Description of the task ▸ Please output exactly the part of the records below that opens with the line containing "Душевой уголок Cezares" and closes with the line containing "Tire-lait électrique simple", both lines included, and nothing else.

Records shown ▸
* * *

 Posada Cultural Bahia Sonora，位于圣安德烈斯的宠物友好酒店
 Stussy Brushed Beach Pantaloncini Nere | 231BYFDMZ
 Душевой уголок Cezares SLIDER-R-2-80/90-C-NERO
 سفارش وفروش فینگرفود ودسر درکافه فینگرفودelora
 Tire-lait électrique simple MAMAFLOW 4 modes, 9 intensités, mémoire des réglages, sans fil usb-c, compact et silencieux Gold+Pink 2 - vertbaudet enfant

* * *

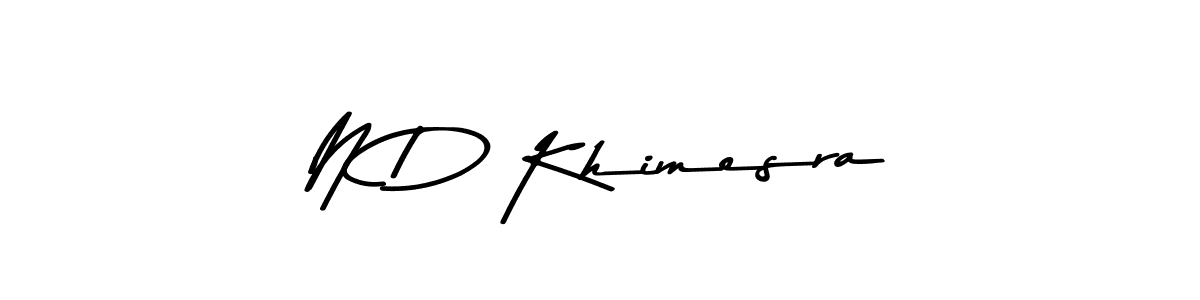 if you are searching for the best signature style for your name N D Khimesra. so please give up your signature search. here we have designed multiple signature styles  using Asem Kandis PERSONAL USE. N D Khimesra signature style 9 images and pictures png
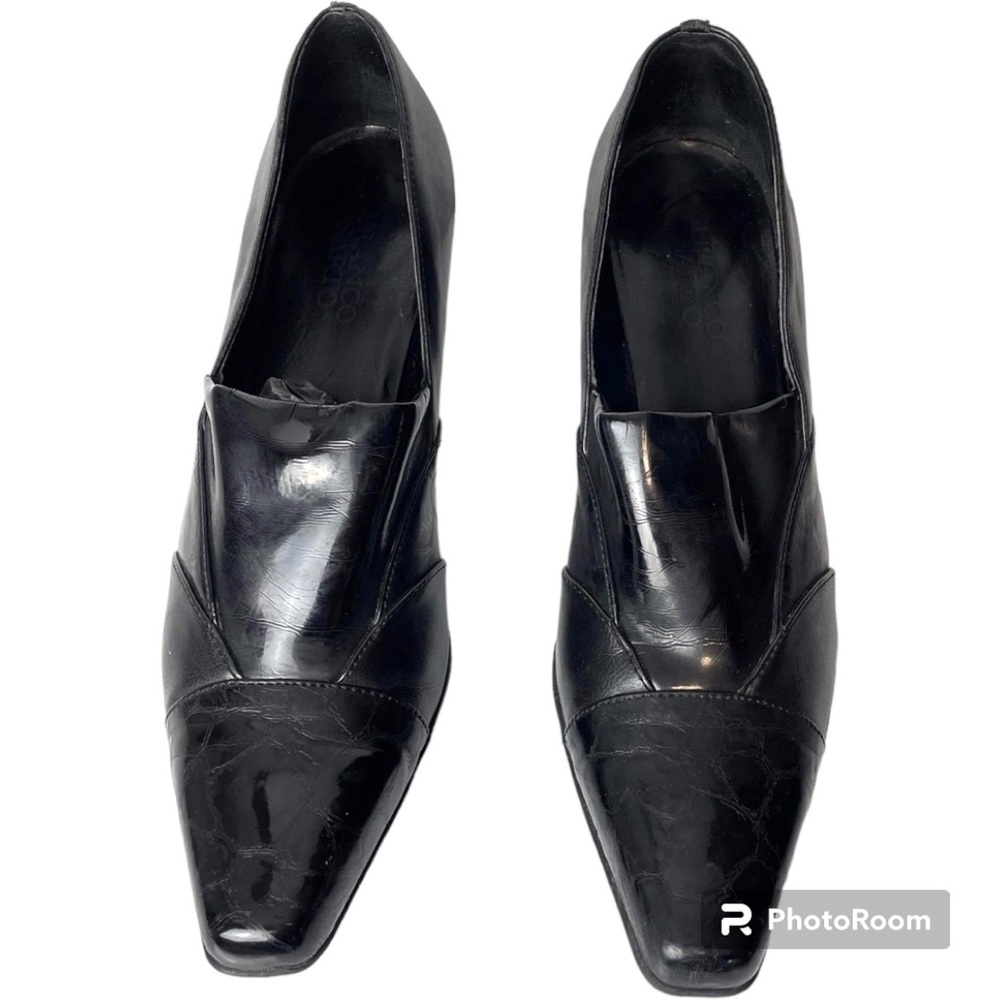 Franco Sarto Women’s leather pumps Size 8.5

* * *

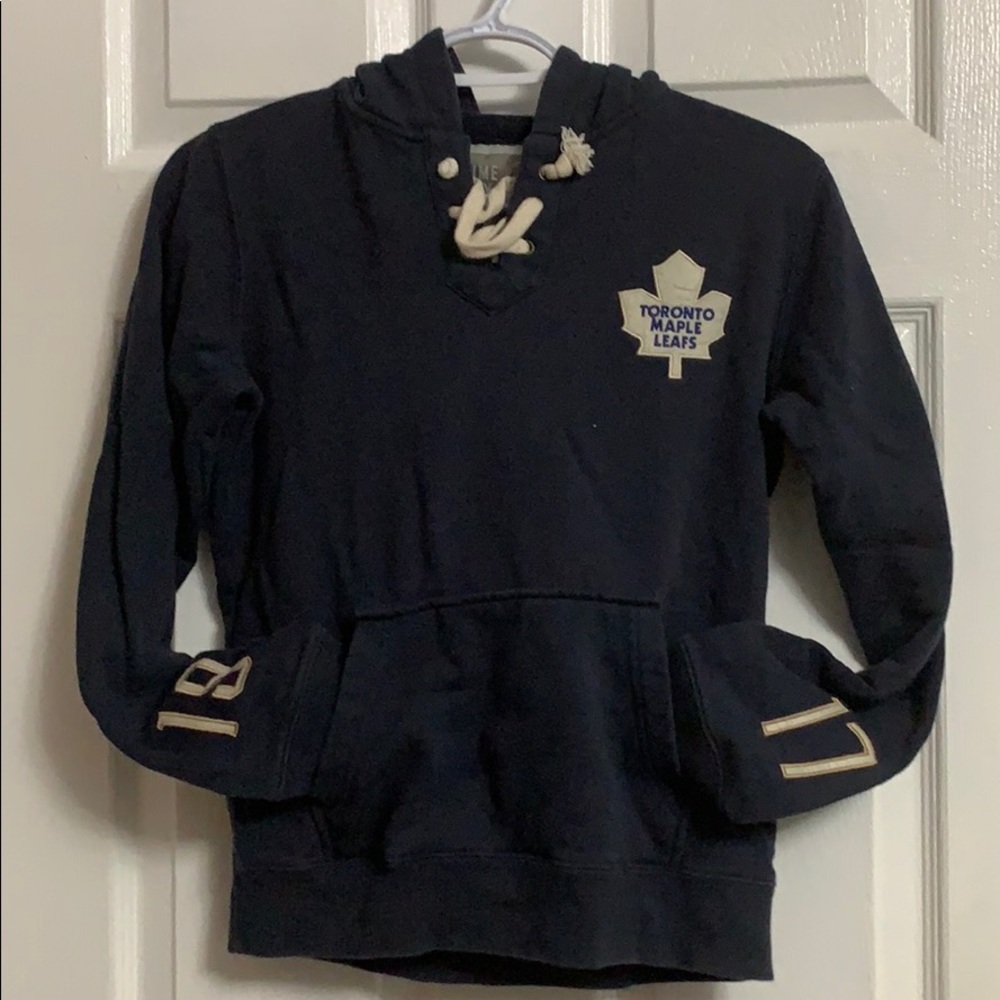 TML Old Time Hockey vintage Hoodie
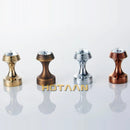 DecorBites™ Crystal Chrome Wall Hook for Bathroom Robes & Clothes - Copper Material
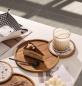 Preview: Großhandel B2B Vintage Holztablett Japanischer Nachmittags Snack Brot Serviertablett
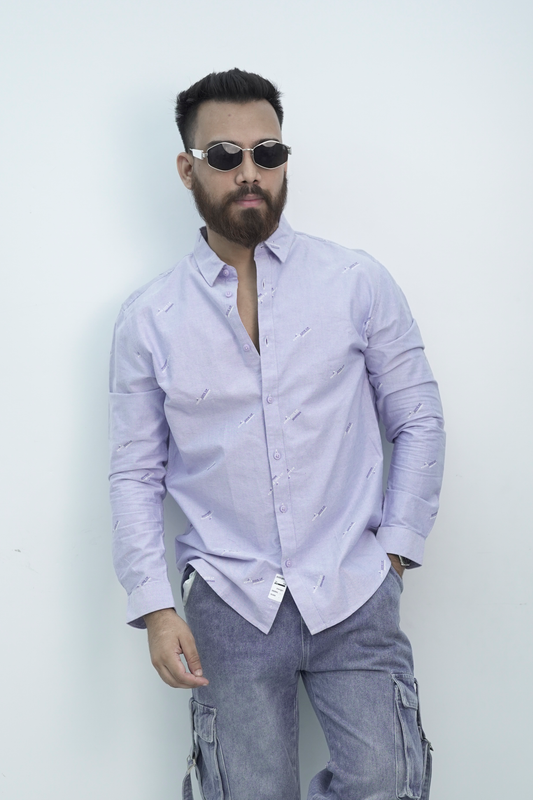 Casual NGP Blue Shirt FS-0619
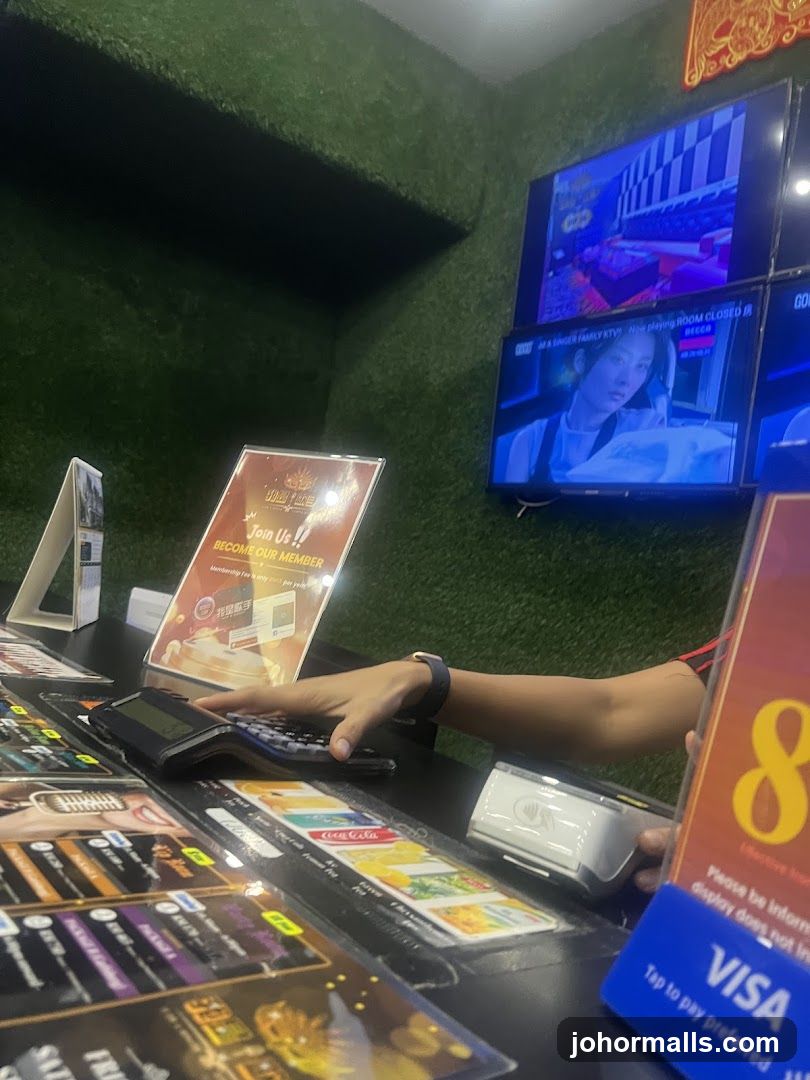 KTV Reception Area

* * *

Exercise response ▸
 Душевой уголок Cezares SLIDER-R-2-80/90-C-NERO
 سفارش وفروش فینگرفود ودسر درکافه فینگرفودelora
 Tire-lait électrique simple MAMAFLOW 4 modes, 9 intensités, mémoire des réglages, sans fil usb-c, compact et silencieux Gold+Pink 2 - vertbaudet enfant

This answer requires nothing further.